— Requirement —
Within the material below, transcribe exactly the lines from the one holding "Collant Gothique Punk Lolita" through the one holding "Tod's Gommino suede driving shoes - Brown", keeping both ends and skipping the rest.

— Input data —
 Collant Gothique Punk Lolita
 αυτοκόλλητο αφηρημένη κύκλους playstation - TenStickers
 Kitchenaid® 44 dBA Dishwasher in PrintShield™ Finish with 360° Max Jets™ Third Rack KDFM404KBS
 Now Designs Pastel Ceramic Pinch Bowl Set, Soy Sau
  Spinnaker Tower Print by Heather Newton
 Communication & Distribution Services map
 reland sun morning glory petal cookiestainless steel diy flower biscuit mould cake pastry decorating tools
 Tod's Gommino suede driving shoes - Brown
---
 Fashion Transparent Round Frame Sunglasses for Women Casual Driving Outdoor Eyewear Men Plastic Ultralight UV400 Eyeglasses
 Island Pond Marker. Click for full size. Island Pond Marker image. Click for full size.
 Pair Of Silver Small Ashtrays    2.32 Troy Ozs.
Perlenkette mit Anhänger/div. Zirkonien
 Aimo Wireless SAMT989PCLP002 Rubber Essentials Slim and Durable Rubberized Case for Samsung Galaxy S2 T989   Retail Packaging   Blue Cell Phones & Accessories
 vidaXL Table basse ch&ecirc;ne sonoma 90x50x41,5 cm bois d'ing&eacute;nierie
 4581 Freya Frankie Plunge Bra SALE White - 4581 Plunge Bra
==
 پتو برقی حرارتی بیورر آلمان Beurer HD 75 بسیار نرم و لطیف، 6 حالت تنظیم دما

— Solution —
 Collant Gothique Punk Lolita
 αυτοκόλλητο αφηρημένη κύκλους playstation - TenStickers
 Kitchenaid® 44 dBA Dishwasher in PrintShield™ Finish with 360° Max Jets™ Third Rack KDFM404KBS
 Now Designs Pastel Ceramic Pinch Bowl Set, Soy Sau
  Spinnaker Tower Print by Heather Newton
 Communication & Distribution Services map
 reland sun morning glory petal cookiestainless steel diy flower biscuit mould cake pastry decorating tools
 Tod's Gommino suede driving shoes - Brown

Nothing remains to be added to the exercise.